Oui, même son fils le dit

En un sens, le personnage de Johnny Depp rivalise à présent avec les franchises ultra-robustes comme Avengers (sorti en même temps que Dark Shadows), Superman ou Iron Man. Preuve que le combat est rude, le propre fils de Johnny Depp semble avoir changé de camp. "Un soir, Robert Downey Jr. et sa femme sont venus dîner à la maison, a raconté l’acteur, cité par Voici.fr. D’un seul coup, j’ai vu le capitaine Jack Sparrow sortir des yeux de mon fils et Iron Man en devenir la star." 

Non, le public le plébiscite toujours

Aux yeux des gamins du monde entier, pourtant, Johnny Depp reste une référence. La poule aux œufs d'or de Pirates des caraïbes s'est abonnée aux films Disney, pour son plus grand plaisir : l'acteur doit jouer dans le film d'espionnage Mortdecai, la comédie musicale Into The Woods, dans Pirates des Caraïbes 5 et Alice au pays des merveilles 2, toutes produites par ce studio.

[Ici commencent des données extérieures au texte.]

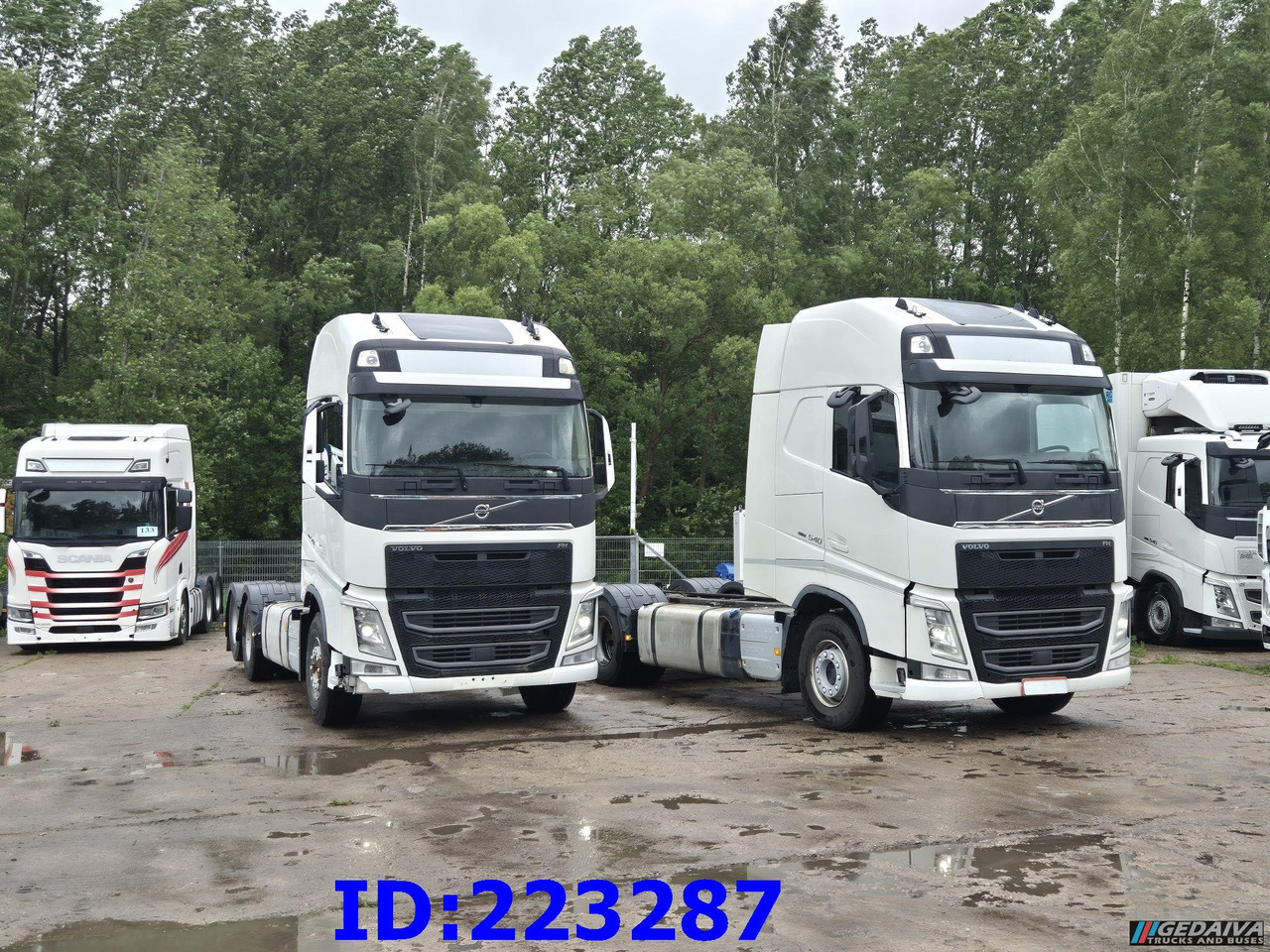 VOLVO FH13 540HP - 10 tyre (2pcs. available) - Chasis camión: foto 2 VOLVO FH13 540HP - 10 tyre (2pcs. available) - Chasis camión: foto 2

Johnny Depp a par ailleurs reçu un Kid's Choice Award pour Dark Shadows, en mars ; ses sept plus gros succès au box-office ont tous moins de dix ans et l'Américain fait toujours partie des acteurs les mieux payés d'Hollywood. Au rayon anecdotes, des fans se font encore tatouer son visage sur le corps et un fossile marin vieux de 500 millions d'années porte désormais son nom. Bref, l'échec annoncé de Lone Ranger pourrait n'être qu'un petit grain de sable dans une machine de mieux en mieux rodée.

Une femme se fait tatouer un portrait de Johnny Depp sur la cuisse lors d'un salon à Sydney (Australie), le 8 mars 2013. (DANIEL MUNOZ / REUTERS)

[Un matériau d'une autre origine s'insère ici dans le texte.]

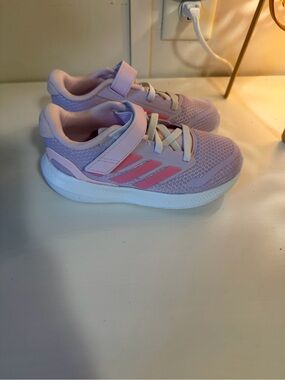 adidas Kids Lilac and Pink Mesh Sneakers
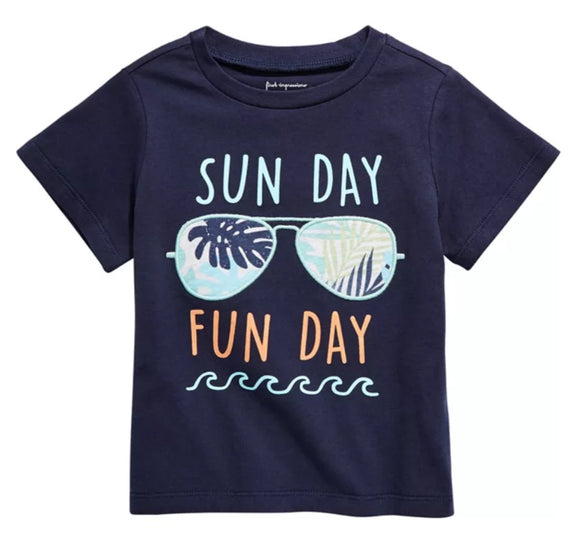 Boys Blue Graphic T-shirts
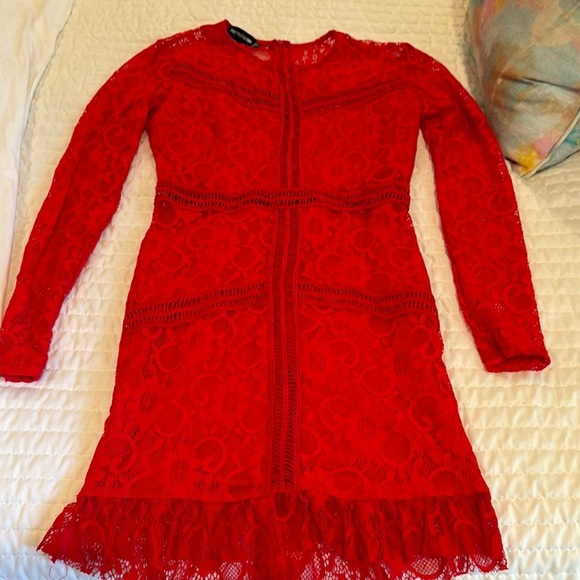 Red Lace  Dress - Picture 1 of 5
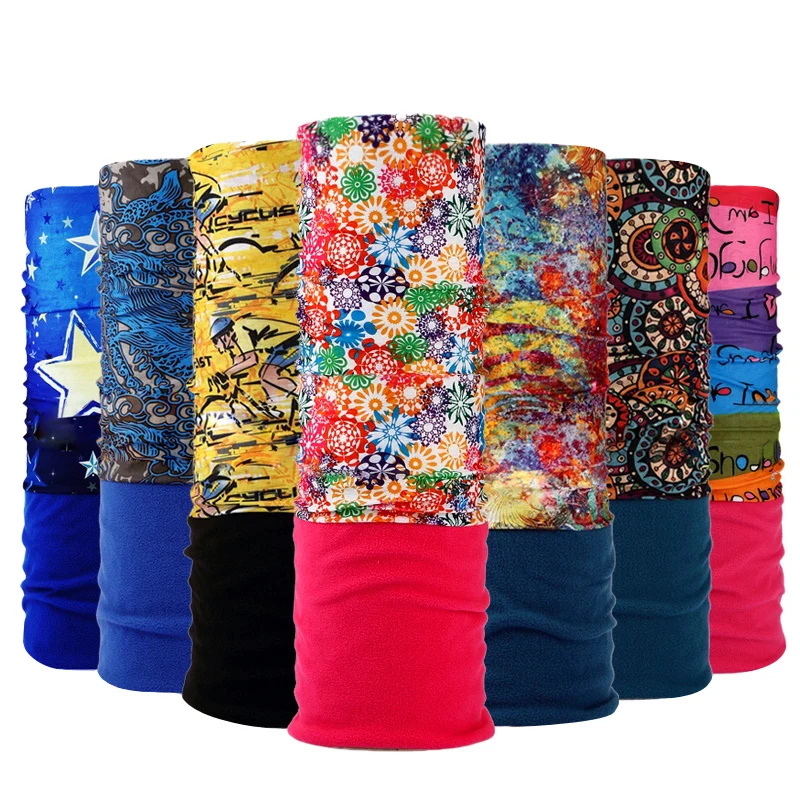 Men Winter Women Hip Hop Multifunction Turban Hood Headscarf Unisex Fleece Warmer Bandanas Headwear Headband Neck Tube Face Mask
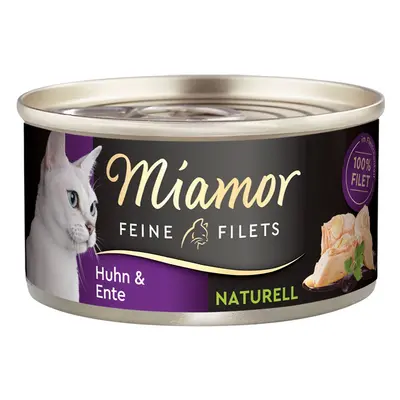 Miamor Feine Filets Naturell kuřecí a kachní maso 48× 80 g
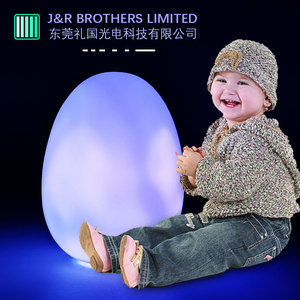 J & r <span class=keywords><strong>LED</strong></span> ánh sáng ban đêm Silicone trứng đèn bàn đèn đồ chơi trẻ em phát sáng cạnh giường ngủ đèn ngủ bảng đèn lồng - Product Image 3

Non, il garde plusieurs cordes à son arc

N'oublions pas non plus que Johnny Depp diversifie ses activités depuis quelques années. Le flic jeunot de 21 Jump Street peut se vanter d'avoir coproduit Hugo Cabret, de Martin Scorsese, et de fignoler actuellement un documentaire sur son acolyte Keith Richards, le guitariste des Rolling Stones.

En dehors des plateaux, Johnny Depp s'implique dans la préservation de la culture des Indiens d'Amérique, proposant par exemple de racheter le site de Wounded Knee, lieu de massacre de centaines de Sioux en 1890. Lone Ranger entre dans cette droite ligne, puisque le film lui "offre l’opportunité de corriger la façon odieuse dont les Indiens ont été représentés au cinéma", selon les propos de l'acteur à Première. Un thème qui lui tient à cœur depuis qu'il est tout petit, et qui, paradoxalement, risque de constituer son plus gros échec commercial depuis de nombreuses années.